BFS with a queue visits every node exactly once — O(n) time. The queue may hold an entire level of the tree, which for a complete binary tree is up to n/2 nodes = O(n) space. This is optimal in time but costly in space for wide trees.
Every node is visited exactly once, giving O(n) time. Space depends on tree shape: O(h) for recursive DFS (stack depth = height h), or O(w) for BFS (queue width = widest level). For balanced trees h = log n; for skewed trees h = n.
Review these before coding to avoid predictable interview regressions.

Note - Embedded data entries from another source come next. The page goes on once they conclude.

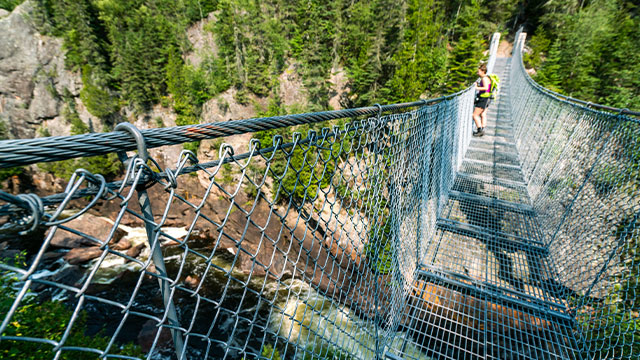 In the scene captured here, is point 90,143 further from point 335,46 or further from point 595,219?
point 335,46

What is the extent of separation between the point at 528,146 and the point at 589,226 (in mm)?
2432

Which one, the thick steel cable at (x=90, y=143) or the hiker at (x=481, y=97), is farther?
the hiker at (x=481, y=97)

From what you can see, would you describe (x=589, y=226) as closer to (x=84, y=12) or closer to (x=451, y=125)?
(x=451, y=125)

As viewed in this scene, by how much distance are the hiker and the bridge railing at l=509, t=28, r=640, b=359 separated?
6.93 feet

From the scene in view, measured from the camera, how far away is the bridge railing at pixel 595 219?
A: 6.50 ft

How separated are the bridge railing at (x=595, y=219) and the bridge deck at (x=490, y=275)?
0.16 metres

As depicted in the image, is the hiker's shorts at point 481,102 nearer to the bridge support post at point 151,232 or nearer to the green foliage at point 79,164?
the bridge support post at point 151,232

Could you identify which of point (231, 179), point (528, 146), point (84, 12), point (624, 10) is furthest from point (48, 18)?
point (624, 10)

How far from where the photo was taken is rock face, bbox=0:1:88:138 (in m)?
23.6

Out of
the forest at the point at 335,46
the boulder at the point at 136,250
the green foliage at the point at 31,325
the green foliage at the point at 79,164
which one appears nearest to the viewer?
the green foliage at the point at 31,325

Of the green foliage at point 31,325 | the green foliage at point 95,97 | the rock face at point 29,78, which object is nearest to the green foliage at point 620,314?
the green foliage at point 31,325

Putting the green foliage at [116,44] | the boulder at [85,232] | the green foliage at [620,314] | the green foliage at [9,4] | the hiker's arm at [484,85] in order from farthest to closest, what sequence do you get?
the green foliage at [9,4], the green foliage at [116,44], the boulder at [85,232], the hiker's arm at [484,85], the green foliage at [620,314]

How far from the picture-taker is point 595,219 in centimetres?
241

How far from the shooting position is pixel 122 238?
13.9 m
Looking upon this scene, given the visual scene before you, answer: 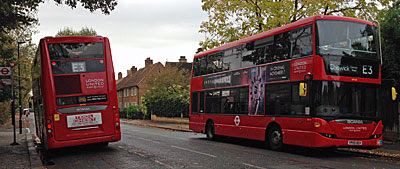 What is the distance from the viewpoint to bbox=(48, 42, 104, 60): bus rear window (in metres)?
12.3

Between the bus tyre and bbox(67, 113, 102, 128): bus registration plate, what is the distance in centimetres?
588

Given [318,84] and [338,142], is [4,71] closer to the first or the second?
[318,84]

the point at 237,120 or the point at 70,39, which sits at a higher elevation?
the point at 70,39

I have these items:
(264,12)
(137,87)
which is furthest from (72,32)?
(264,12)

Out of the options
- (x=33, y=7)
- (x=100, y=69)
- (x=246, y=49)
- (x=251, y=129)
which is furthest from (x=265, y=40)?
(x=33, y=7)

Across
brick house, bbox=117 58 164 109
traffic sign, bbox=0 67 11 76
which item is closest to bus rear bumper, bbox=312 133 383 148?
traffic sign, bbox=0 67 11 76

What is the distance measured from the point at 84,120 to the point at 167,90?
2922 centimetres

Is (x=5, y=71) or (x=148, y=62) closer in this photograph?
(x=5, y=71)

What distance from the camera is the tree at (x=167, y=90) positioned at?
38.5 m

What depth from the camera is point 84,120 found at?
40.4 ft

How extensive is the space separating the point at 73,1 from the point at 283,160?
24.8 ft

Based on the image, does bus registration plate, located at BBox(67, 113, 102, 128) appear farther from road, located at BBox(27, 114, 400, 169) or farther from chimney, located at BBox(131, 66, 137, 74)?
chimney, located at BBox(131, 66, 137, 74)

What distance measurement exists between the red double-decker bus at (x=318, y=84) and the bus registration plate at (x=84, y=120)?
18.7 feet

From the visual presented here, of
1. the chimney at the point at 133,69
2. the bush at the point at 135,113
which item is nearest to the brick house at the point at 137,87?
the bush at the point at 135,113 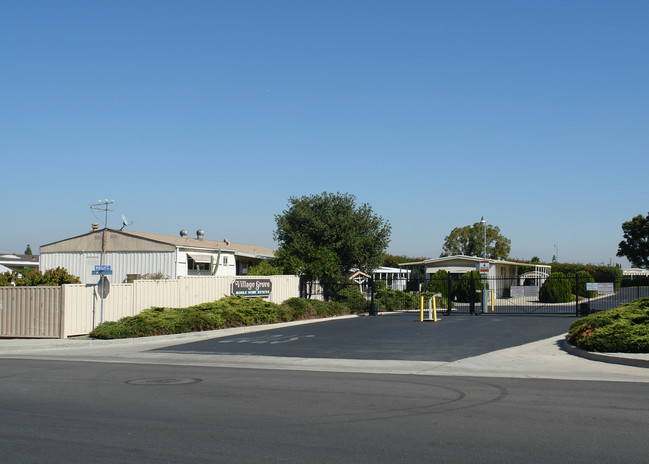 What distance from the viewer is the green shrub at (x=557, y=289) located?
43.7 metres

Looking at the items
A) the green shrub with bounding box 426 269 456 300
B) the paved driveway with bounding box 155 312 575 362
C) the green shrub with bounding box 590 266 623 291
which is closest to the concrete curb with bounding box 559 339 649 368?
the paved driveway with bounding box 155 312 575 362

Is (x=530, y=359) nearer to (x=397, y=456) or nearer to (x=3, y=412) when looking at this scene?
(x=397, y=456)

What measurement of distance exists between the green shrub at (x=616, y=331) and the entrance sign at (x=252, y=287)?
15.7 meters

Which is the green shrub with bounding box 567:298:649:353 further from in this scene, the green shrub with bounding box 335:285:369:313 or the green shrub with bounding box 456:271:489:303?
the green shrub with bounding box 456:271:489:303

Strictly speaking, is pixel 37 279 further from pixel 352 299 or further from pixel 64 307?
pixel 352 299

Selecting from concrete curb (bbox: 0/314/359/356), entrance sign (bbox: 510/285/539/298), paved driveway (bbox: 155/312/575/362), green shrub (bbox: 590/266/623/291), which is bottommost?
concrete curb (bbox: 0/314/359/356)

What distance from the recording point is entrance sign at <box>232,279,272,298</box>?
2956cm

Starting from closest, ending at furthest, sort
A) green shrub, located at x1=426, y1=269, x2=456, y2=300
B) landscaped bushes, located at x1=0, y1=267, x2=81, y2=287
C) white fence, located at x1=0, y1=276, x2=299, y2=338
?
white fence, located at x1=0, y1=276, x2=299, y2=338 → landscaped bushes, located at x1=0, y1=267, x2=81, y2=287 → green shrub, located at x1=426, y1=269, x2=456, y2=300

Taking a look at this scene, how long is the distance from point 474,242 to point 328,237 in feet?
139

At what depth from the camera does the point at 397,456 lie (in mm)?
6844

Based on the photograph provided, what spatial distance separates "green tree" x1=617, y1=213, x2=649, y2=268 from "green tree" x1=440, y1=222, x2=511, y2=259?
19.2 meters

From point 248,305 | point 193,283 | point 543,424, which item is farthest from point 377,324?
point 543,424

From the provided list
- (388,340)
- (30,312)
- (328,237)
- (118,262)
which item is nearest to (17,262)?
(118,262)

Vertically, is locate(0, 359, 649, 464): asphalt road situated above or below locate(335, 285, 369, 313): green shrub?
below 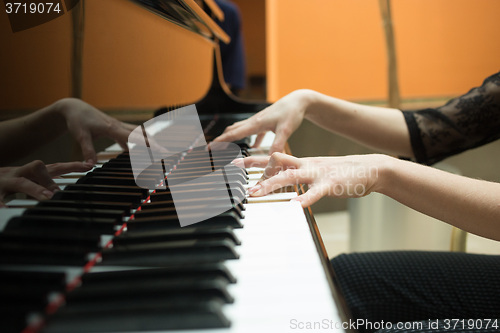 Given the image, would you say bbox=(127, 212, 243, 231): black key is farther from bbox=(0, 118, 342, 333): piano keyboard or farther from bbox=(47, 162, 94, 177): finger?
bbox=(47, 162, 94, 177): finger

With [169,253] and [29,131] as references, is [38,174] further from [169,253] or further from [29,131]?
[169,253]

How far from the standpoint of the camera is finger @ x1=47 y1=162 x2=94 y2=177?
0.51m

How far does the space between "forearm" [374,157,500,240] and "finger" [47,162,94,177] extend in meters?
0.48

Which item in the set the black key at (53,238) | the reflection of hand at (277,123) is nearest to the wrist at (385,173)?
the reflection of hand at (277,123)

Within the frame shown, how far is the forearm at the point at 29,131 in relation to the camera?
1.42 feet

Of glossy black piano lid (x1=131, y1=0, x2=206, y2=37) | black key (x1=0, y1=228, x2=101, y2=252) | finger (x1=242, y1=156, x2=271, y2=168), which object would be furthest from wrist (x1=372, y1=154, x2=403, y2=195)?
glossy black piano lid (x1=131, y1=0, x2=206, y2=37)

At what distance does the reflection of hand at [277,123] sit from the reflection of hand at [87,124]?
31 centimetres

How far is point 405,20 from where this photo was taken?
2.66m

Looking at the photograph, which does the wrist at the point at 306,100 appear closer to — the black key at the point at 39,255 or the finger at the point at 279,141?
the finger at the point at 279,141

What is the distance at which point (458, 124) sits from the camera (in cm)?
108

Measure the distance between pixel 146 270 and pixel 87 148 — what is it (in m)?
0.30

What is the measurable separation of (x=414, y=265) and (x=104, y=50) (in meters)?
0.82

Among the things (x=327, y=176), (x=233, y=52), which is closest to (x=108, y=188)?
(x=327, y=176)

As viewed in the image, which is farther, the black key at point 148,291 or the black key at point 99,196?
the black key at point 99,196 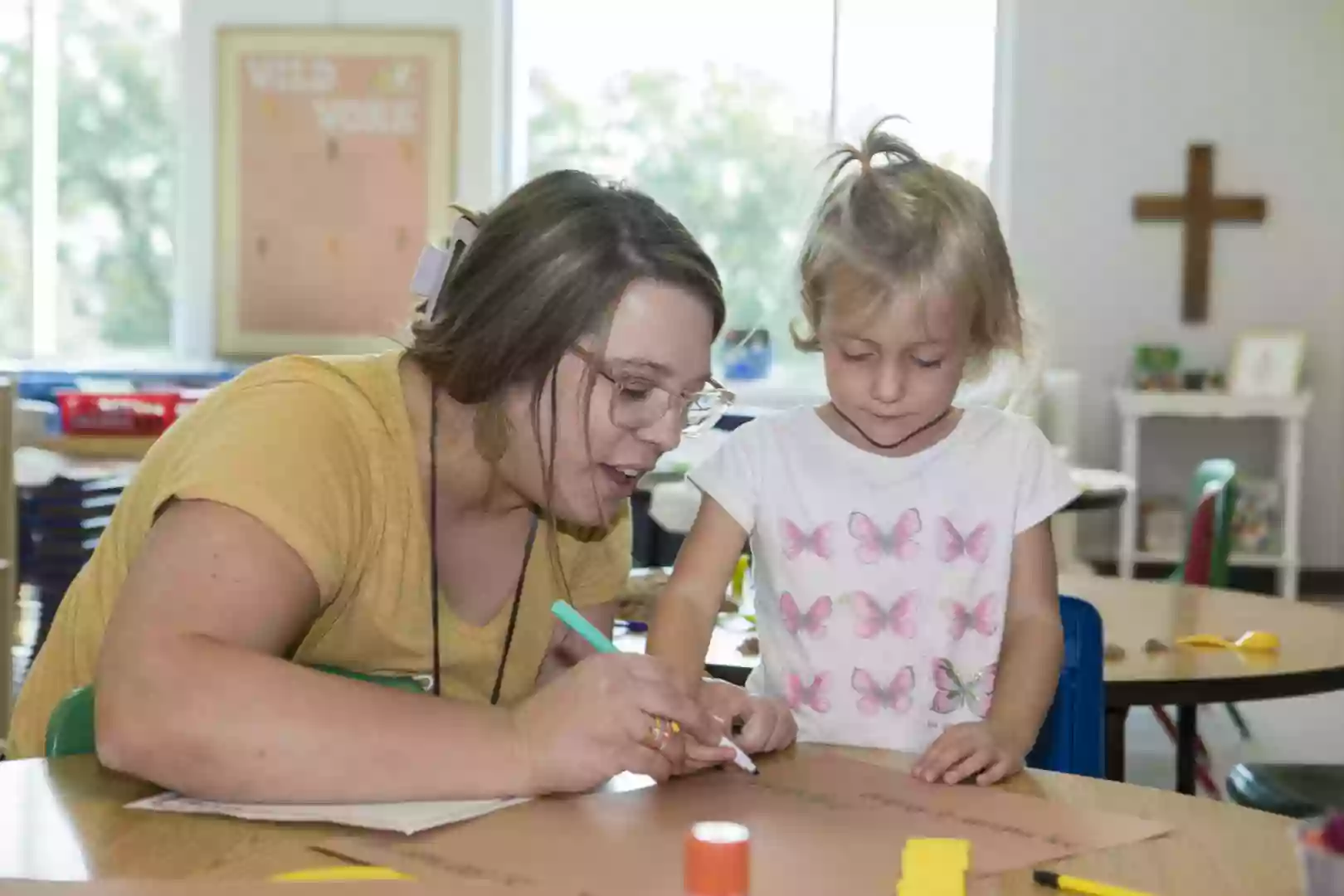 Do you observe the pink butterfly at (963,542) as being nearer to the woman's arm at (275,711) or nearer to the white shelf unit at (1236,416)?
the woman's arm at (275,711)

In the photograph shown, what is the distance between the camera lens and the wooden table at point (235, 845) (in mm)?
946

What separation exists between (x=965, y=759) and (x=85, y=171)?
21.5 ft

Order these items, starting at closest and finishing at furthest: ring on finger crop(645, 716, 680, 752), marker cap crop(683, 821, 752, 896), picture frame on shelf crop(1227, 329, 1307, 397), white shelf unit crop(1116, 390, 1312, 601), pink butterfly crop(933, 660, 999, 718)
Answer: marker cap crop(683, 821, 752, 896) < ring on finger crop(645, 716, 680, 752) < pink butterfly crop(933, 660, 999, 718) < white shelf unit crop(1116, 390, 1312, 601) < picture frame on shelf crop(1227, 329, 1307, 397)

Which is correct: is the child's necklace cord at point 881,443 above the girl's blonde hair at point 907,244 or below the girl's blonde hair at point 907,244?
below

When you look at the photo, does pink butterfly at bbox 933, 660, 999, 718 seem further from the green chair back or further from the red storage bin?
the red storage bin

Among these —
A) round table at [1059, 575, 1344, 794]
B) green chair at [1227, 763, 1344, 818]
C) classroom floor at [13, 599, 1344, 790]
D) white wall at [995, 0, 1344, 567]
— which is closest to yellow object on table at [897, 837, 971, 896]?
round table at [1059, 575, 1344, 794]

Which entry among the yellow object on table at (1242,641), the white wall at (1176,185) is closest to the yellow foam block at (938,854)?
the yellow object on table at (1242,641)

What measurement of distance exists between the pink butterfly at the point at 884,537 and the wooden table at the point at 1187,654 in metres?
0.34

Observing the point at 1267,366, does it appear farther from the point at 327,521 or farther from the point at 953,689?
the point at 327,521

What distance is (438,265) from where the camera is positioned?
1371mm

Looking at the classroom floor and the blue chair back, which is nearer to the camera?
the blue chair back

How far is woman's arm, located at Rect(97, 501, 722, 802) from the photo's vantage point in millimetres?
1050

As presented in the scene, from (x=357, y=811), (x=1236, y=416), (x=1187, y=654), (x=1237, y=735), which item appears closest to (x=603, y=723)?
(x=357, y=811)

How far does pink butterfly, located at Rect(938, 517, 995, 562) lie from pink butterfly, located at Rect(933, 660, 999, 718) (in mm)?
107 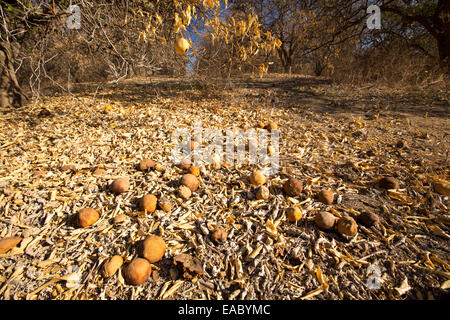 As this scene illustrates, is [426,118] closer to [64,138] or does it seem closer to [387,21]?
[387,21]

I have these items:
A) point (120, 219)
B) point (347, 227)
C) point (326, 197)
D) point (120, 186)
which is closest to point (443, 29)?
point (326, 197)

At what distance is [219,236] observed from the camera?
1.54m

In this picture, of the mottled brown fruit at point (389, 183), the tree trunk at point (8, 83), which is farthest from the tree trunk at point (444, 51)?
the tree trunk at point (8, 83)

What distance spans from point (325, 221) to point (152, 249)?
4.52ft

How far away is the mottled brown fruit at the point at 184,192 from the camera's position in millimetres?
1917

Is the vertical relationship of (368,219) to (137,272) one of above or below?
above

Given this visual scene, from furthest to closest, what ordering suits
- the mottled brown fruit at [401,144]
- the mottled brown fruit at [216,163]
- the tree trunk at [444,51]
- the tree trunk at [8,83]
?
the tree trunk at [444,51]
the tree trunk at [8,83]
the mottled brown fruit at [401,144]
the mottled brown fruit at [216,163]

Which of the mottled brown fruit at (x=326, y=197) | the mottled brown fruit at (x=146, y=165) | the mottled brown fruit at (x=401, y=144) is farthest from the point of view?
the mottled brown fruit at (x=401, y=144)

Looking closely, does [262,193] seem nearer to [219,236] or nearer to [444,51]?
[219,236]

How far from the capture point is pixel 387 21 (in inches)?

Wrong move: Loop endpoints miss first/last candidate.
Usually fails on: Fails on minimal arrays and exact-boundary answers.
Fix: Re-derive loops from inclusive/exclusive ranges before coding.
Wrong move: Zero-count keys stay in map and break distinct/count constraints.
Usually fails on: Window/map size checks are consistently off by one.
Fix: Delete keys when count reaches zero.
Wrong move: Recursive traversal assumes children always exist.
Usually fails on: Leaf nodes throw errors or create wrong depth/path values.
Fix: Handle null/base cases before recursive transitions.